Laryngaaltheorie
Uit Wikipedia, de vrije encyclopedia
De laryngaaltheorie is een algemeen aanvaarde theorie in de historische taalkunde die het bestaan suggereert van een set van drie (soms meer) medeklinkers die ‘laryngalen’ worden genoemd. Deze laryngalen maken deel uit van reconstructies van de Proto-Indo-Europese taal (PIE). De medeklinkers zelf zijn in alle moderne Indo-Europese talen verdwenen, maar er wordt vermoed dat sommige van de laryngalen nog bestonden in het Hettitisch en andere Anatolische talen. De laryngalen worden zo genoemd omdat de klanken volgens vroegere taalkundigen (Möller[1] en Cuny[2]) een faryngaal, epiglottaal of glottaal articulatiepunt hadden, waarbij de uitspraak met het samentrekken van de larynx geschiedde.
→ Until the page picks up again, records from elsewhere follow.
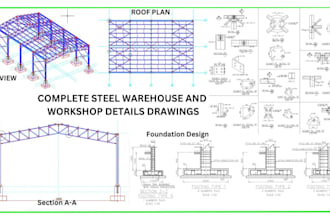 design steel structures, structural drawings and fabrication shop drawings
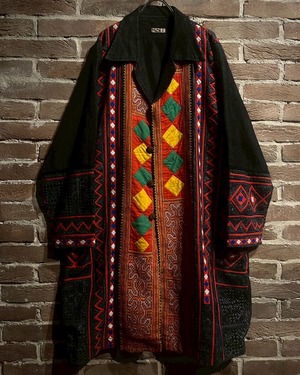 【Caka act3】"モン族" Embroidery Design Vintage Loose Coat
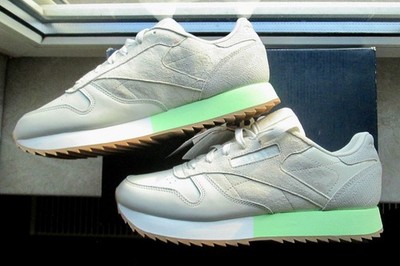 REEBOK CLASSIC LEATHER RIPPLE WOMEN ECHTLEDER SNEAKER WEISS BEIGE GRÜN 42 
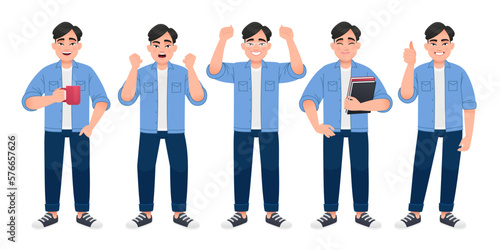 Full-length man is a set of characters. A young Chinese man in a blue shirt, white T-shirt and jeans stands in different poses. A white man is standing with a cup of coffee, with books,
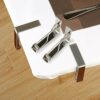 ZoomSky 4pcs Tablecloth Clips, Picnic Table Cloth Holder Stainless Steel Table Cover Clamps Silver Tablecloth Clamp Holders for Home Kitchen Picn
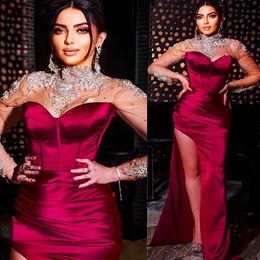 Luxury Crystals Beaded High Collar Prom Dresses Dubai Arabic Elegant Satin Formal Occasion Evening Gowns Side Split With Illusion Long Sleeves Sexy Vestidos CL2840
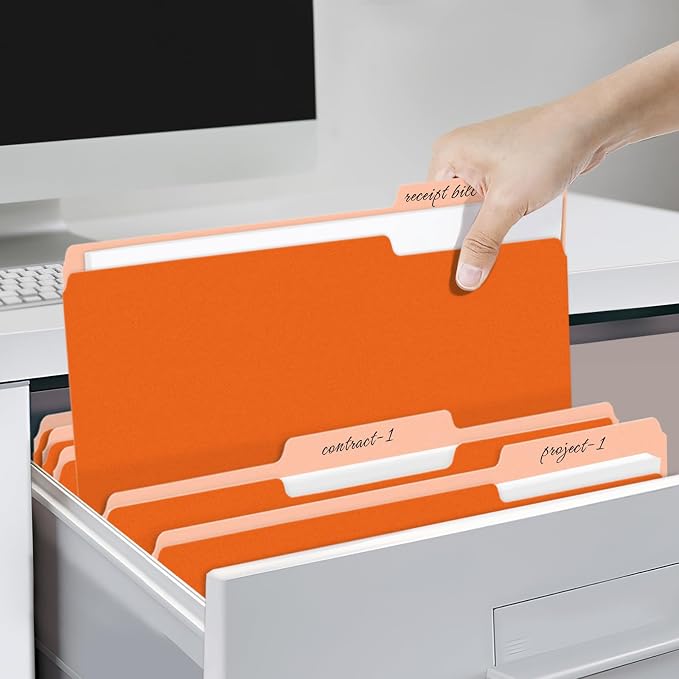 SUNEE File Folders, 150 Pack Manilla Folders 8.5 x 11, Colored File Folders - Image 6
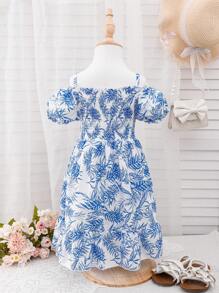 Girls Summer Vacation Style Casual Spaghetti Strap Dress - Baby Blue - View 2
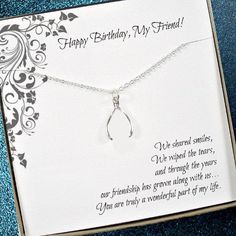 Friend Birthday Gift Wishbone Necklace Friendship message jewelry Gifts For Sister In Law, Necklace Sister, Unique Gifts For Sister, Sister In Law Gifts, Wishbone Necklace, Lucky Charm Necklace, Lucky Jewelry, Friend Birthday Gift, Sister Jewelry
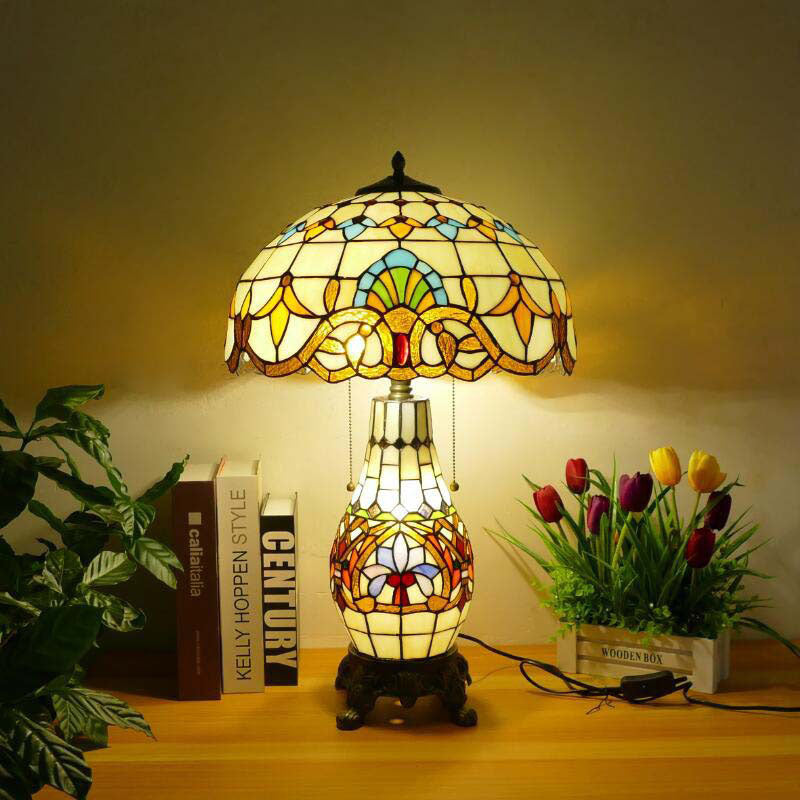 Baroque Umbrella Resin Stained 3-Light Table Lamp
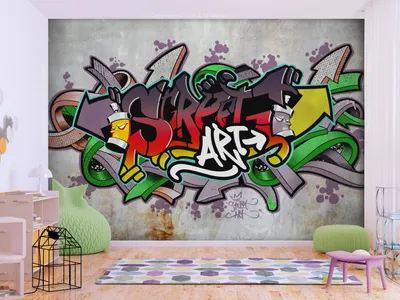 Produktbild von Vlies Fototapete Graffiti 400x280 cm Tapeten Wandtapete XXL Mural Streetart Betonoptik i-A-0158-a-d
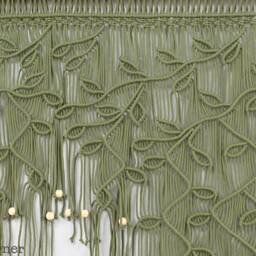 Macrame Leaf Curtain Boho Window Valance, Wall Hanging Decor - thumbnail 3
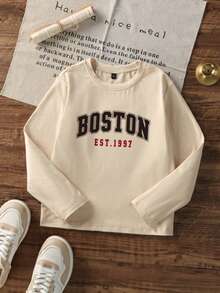 Boys Crew Neck Long Sleeve T-Shirt, Vintage Boston EST.1997 Letter Print Fall Winter Casual Top For School Daily Wear - Apricot - View 3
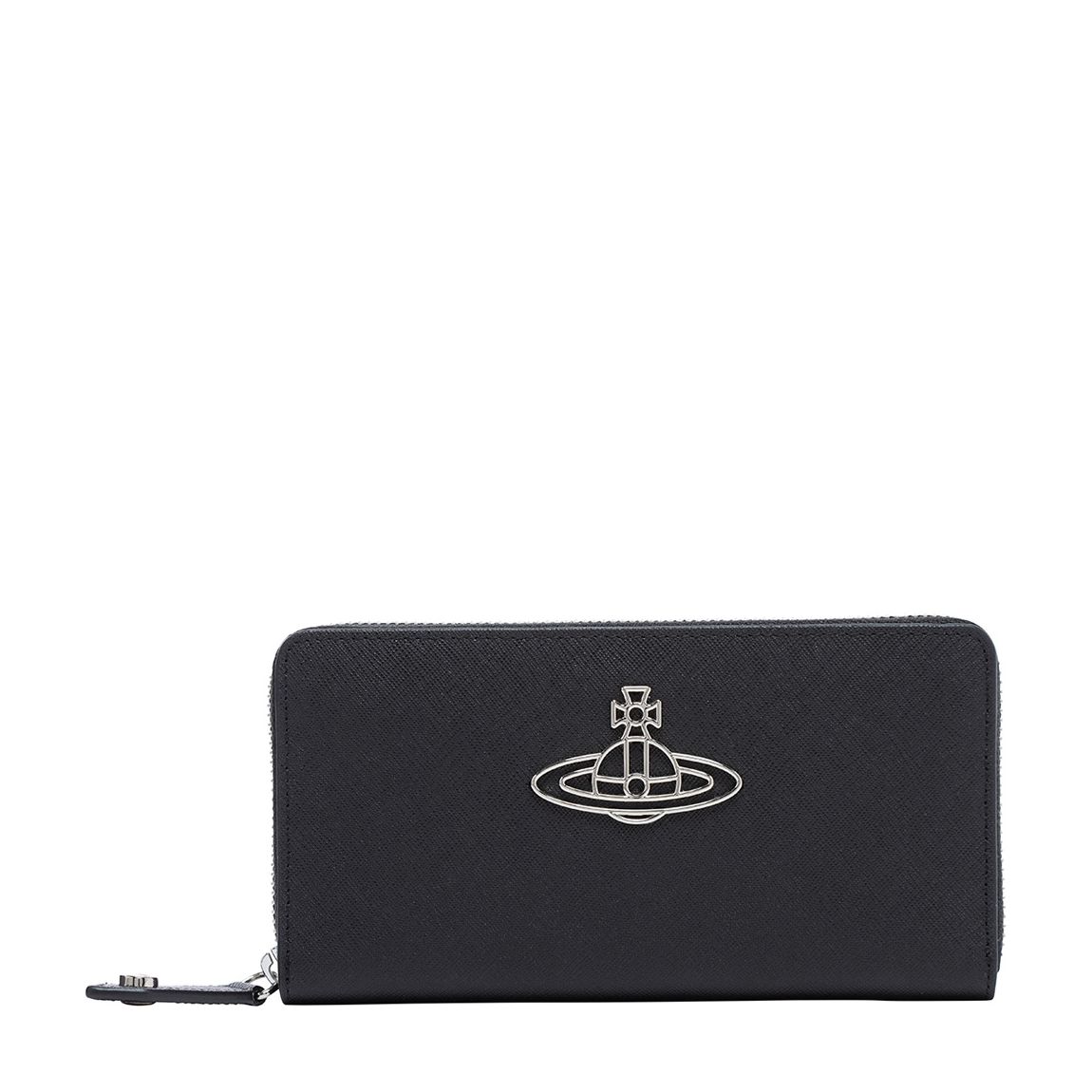 Black Saffiano Thin Line Orb Zip Wallet main product photo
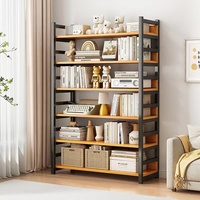 Étagère de présentation multi-niveaux personnalisable en bois avec bibliothèque
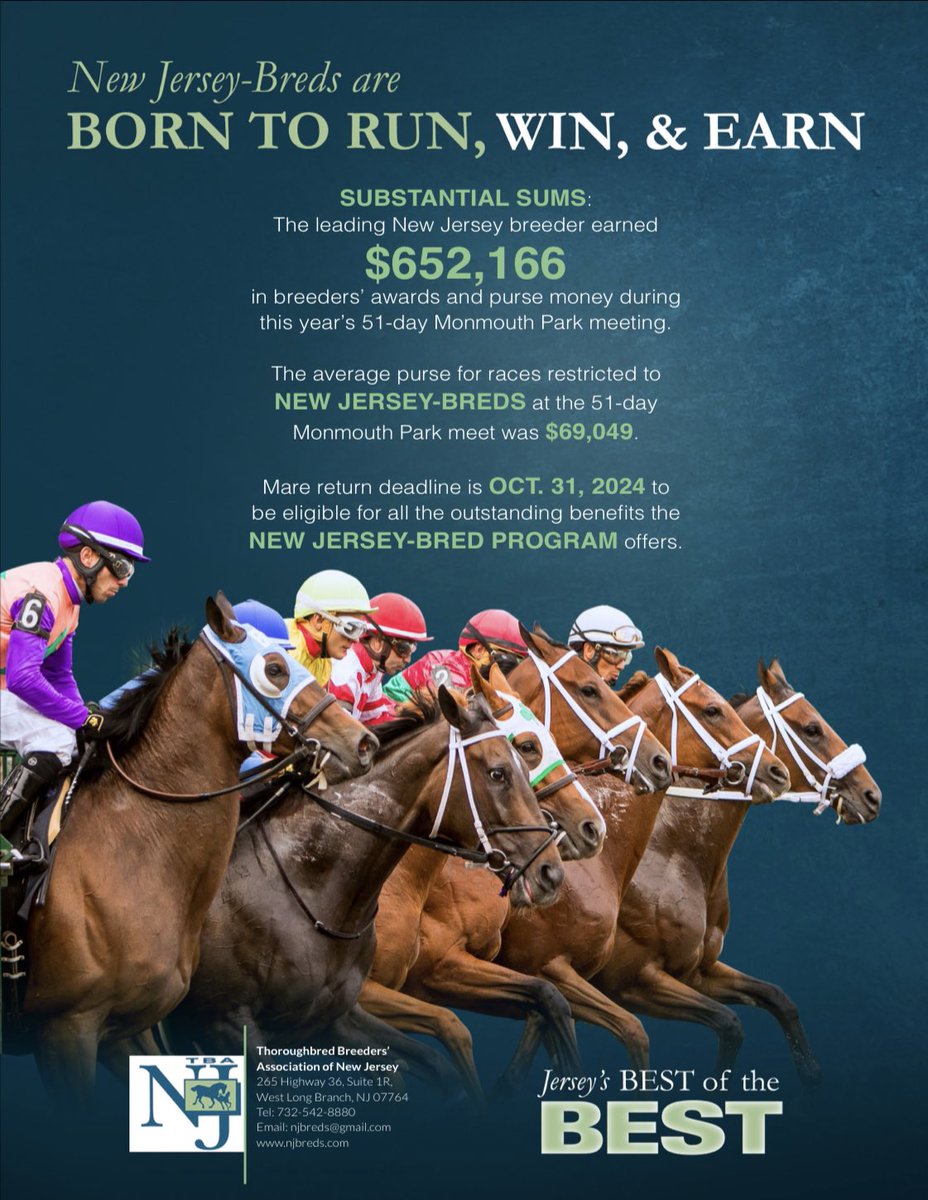 theTDN's tweet photo. New Jersey-Breds are born to run, win & earn ๐ฐ The average purse for races restricted to #NJBreds at the 51-day Monmouth Park meet was $69,049.
Mare return deadline is Oct. 31, 2024 to be eligible for all the outstanding benefits the #NJBred program offers. @njbreds https://t.co/AHwpsQujj6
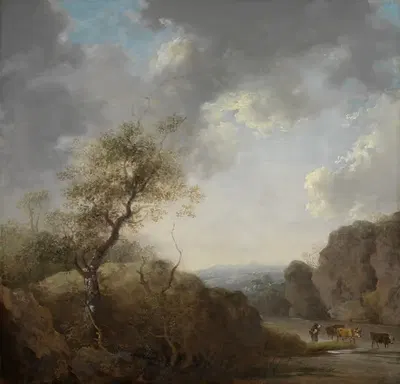Холмистый пейзаж с рекой и стадом by Иоганн Кристиан Бранд — digital art print download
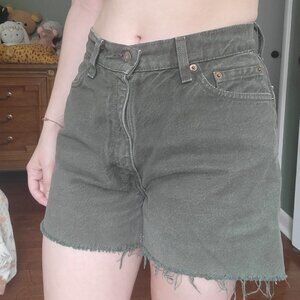 Forest green vintage Levi's cutoff shorts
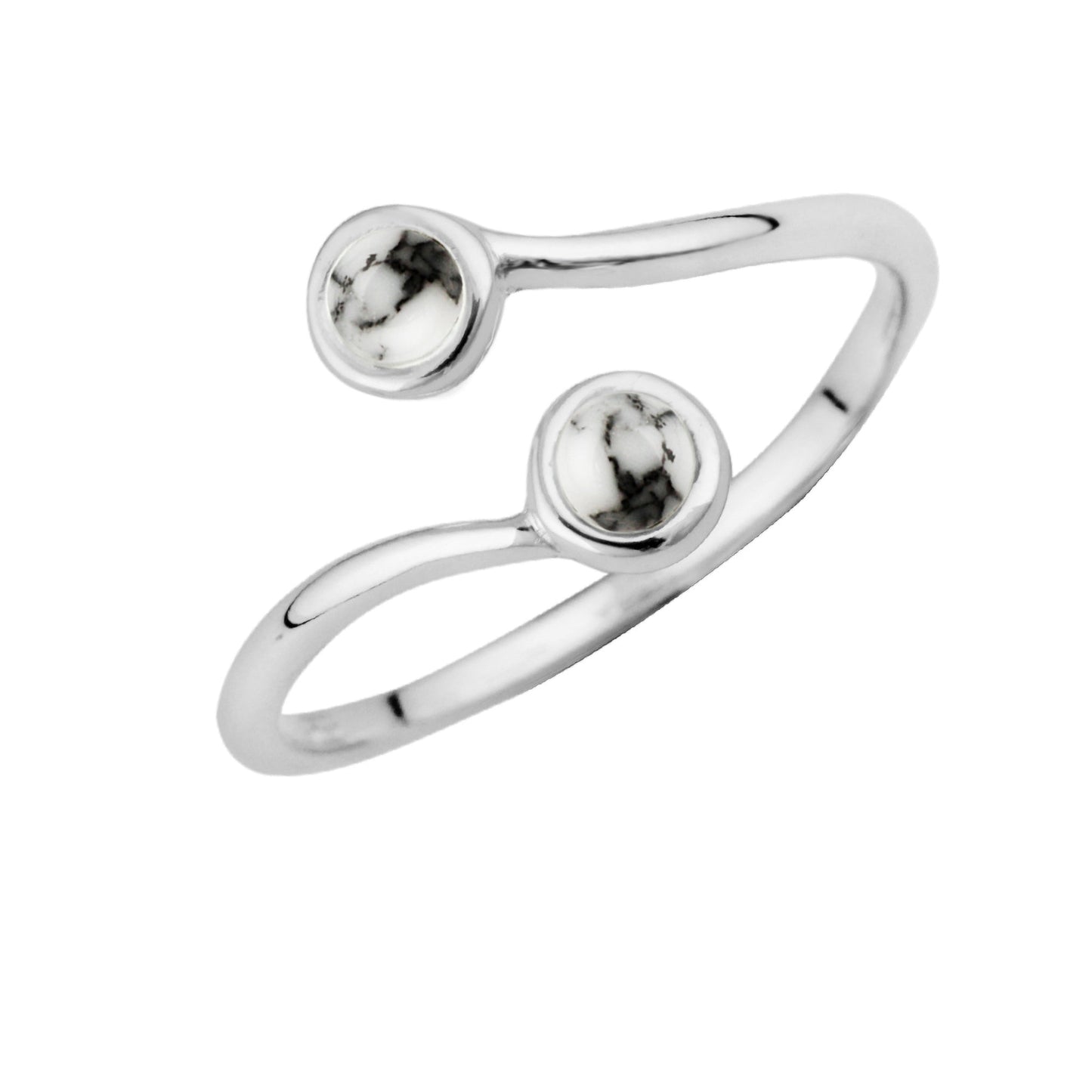 Sterling Silver Adjustable Double Stone Ring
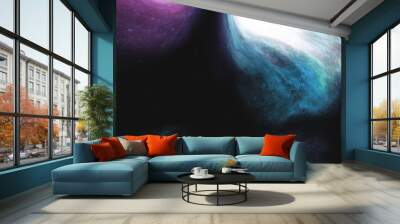 Galaxy space motion loop bulb light milky way black background Wall mural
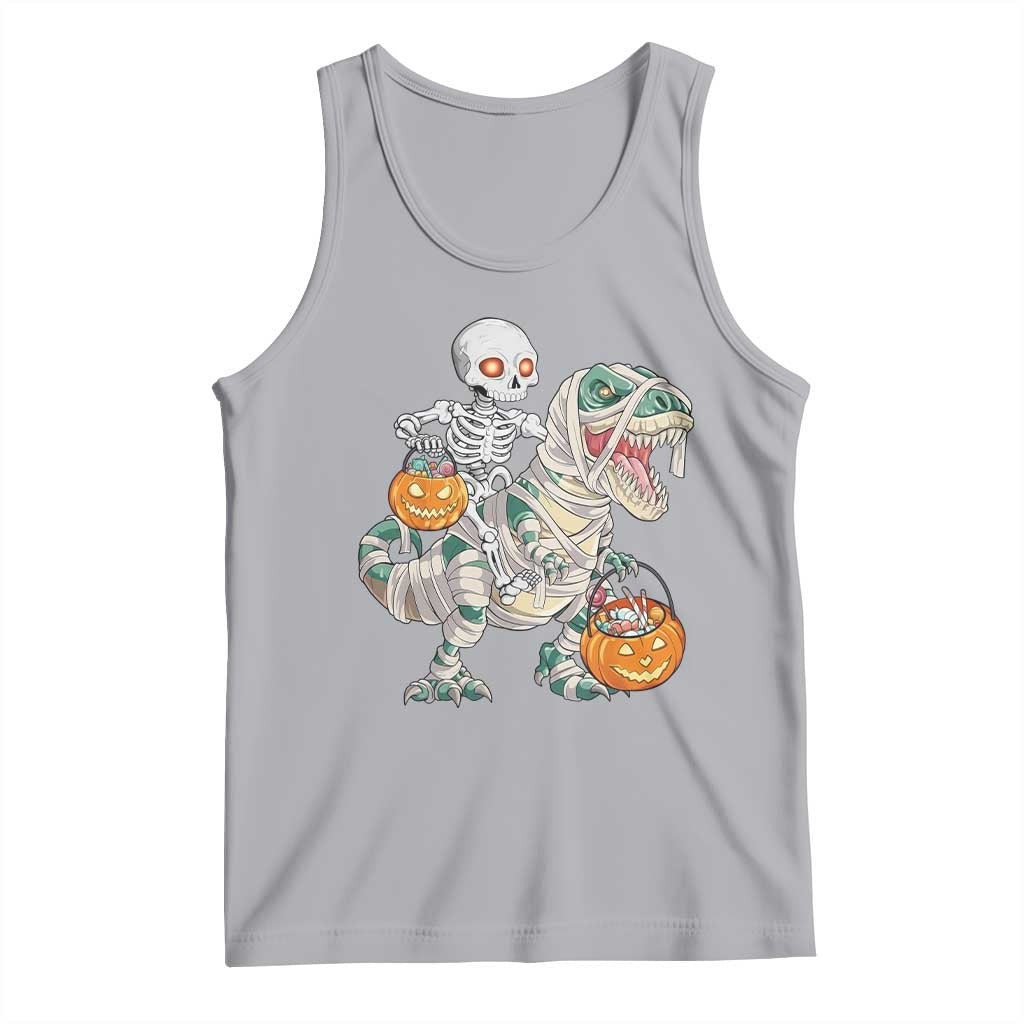 Funny Skeleton Riding Mummy Dinosaur Halloween Tank Top - Wonder Print Shop
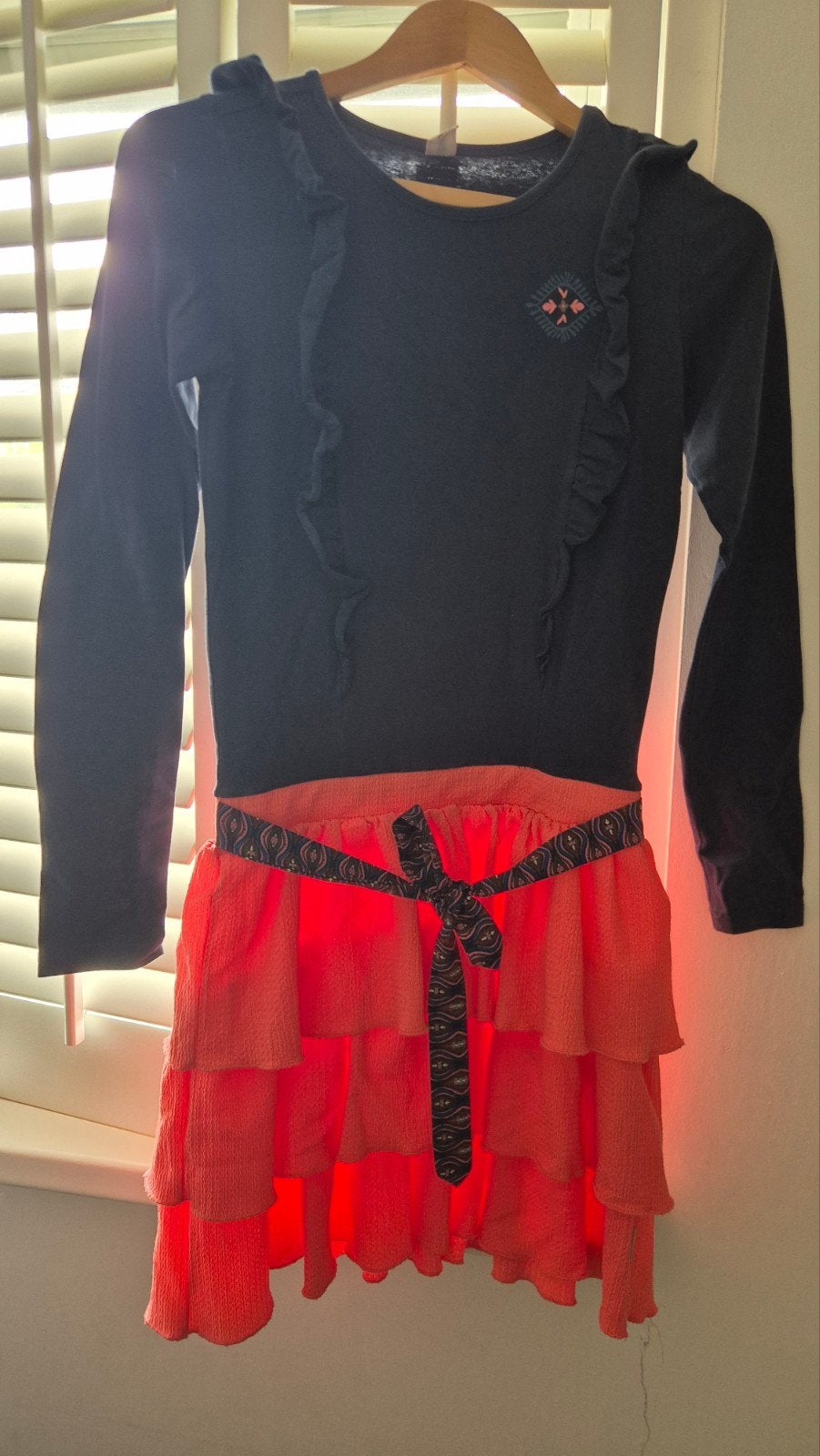 B.Nosy jurk met ruches en oranje rok maat 158/164, Gebruikt, B.Nosy, Meisje, Ophalen of Verzenden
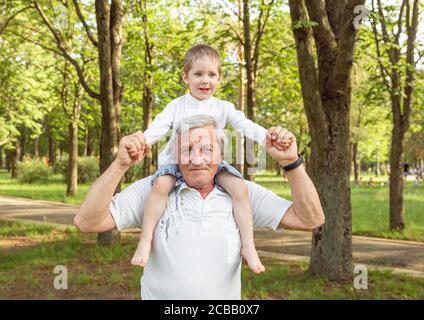 Älterer Mann mit einem Kleinkind Junge, der Zeit in der Natur verbringt Im Sommer Stockfoto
Het bewijs voor hun bestaan is voornamelijk indirect, en is meestal alleen af te leiden van het effect dat ze hebben gehad op naburige klinkers. De theorie geeft echter wel op elegante wijze een verklaring voor de klinkerinventaris van het Proto-Indo-Europees, die vóór het postuleren van laryngalen onanalyseerbaar bleek. Voorbeelden hiervan waren ‘onafhankelijke’ sjwa’s (zoals in *pəter- ‘vader’); de hypothese dat de PIE sjwa *ə in werkelijkheid een medeklinker en niet een klinker was bood een elegante verklaring voor een aantal uitzonderingen op de wet van Brugmann in de Indo-Arische talen.